Penulis pernah menjadi moderator saat Azyumardi menjadi pembicara pada Rakernas II GEMA Mathla'ul Anwar di BSD pada penghujung 2018. Masih terngiang tiga pesan Azyumardi kepada para kaum pemuda. Pertama, Azra berpesan untuk selalu yakin bahwa Islam wasathiyah atau Islam pertengahan adalah pilihan terbaik untuk hidup percaya diri di tengah bangsa yang majemuk.
Kedua, kaum muda hendaknya tak lagi mempertentangkan Islam dengan kebangsaan karena sudah jelas cinta Tanah Air merupakan ekspresi dari keimanan.
Ketiga, kaum muda harus meyakini bahwa kemajuan Indonesia adalah juga kemajuan umat Islam. Kemajuan sebuah perusahaan di Indonesia yang dimiliki non muslim misalnya, juga adalah kemajuan umat Islam karena mayoritas pegawainya merupakan umat Islam.
Kini di tengah dukacita karena kepergiannya, ternyata Azyumardi Azra masih meninggalkan wasiat berharga bagi umat Islam di Nusantara.
Di Malaysia, Azyumardi berencana membawakan makalahnya yang berjudul "Nusantara untuk Kebangkitan Peradaban: Memperkuat Optimisme dan Peran Ukat Muslim Asia Tenggara" di Persidangan Antarbangsa Kosmopolitan Islam Mengilhami Kebangkitan, Meneroka Masa Depan, pada 17 September 2022.
Penulis mendapatkan makalah tersebut yang dibagikan oleh Viva Yoga Mauladi di grup Presidium KAHMI Viva Yoga. Di makalah tersebut jelas sekali di usianya yang tak lagi muda, Azyumardi masih optimistis akan datangnya kebangkitan Islam dari Asia Tenggara (baca: Indonesia dan Malaysia) sepanjang prasyaratnya terpenuhi, yakni stabilitas politik, akses pendidikan tinggi berbasis riset yang setara dan pemberdayaan kembali masyarakat madani.
Terakhir Azyumardi menutup makalah tersebut dengan dua paragraf yang memikat. Dua paragraf itu ibarat wasiat terakhir Azyumardi bagi umat Islam kelak bila berhasil bangkit memimpin peradaban dunia.

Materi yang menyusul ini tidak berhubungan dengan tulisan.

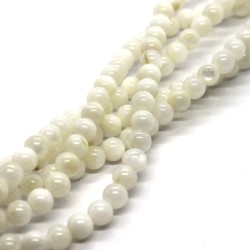25 Perles rondes en coquillage 4mm naturel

Ia menulis, "Kebangkitan peradaban juga memerlukan pemanfaatan sumber daya alam secara lebih bertanggung jawab. Sejauh ini, kekayaan alam di Indonesia dan agaknya juga di Malaysia cenderung dieksploitasi secara semena-mena dan tidak bertanggung jawab. Akibatnya muncullah berbagai bencana sejak dari banjir bandang, banjir besar, kebakaran hutan, bencana asap dan seterusnya.
Dalam konteks terakhir ini, kaum Muslimin di Asia Tenggara perlu memberi contoh tentang penerapan Islamisitas atau nilai-nilai Islam secara aktual dalam penyelamatan alam lingkungan dan sumber daya alam.
Di sini kaum Muslim harus memperkuat integritas diri pribadi dan komunitas, sehingga dapat mengaktualkan Islam rahmatan lil alamin dengan peradaban yang juga "menjadi blessing bagi alam semesta."
Selamat jalan Prof. Azyumardi Azra. Kembalilah jiwa yang tenang berjumpa dengan Allah SWT dan selamat bertemu kembali dengan seniormu Prof. Nurcholis Madjid.
Indonesia telah kehilangan salah seorang peletak Madzhab Ciputat, sang pemberi lentera zaman.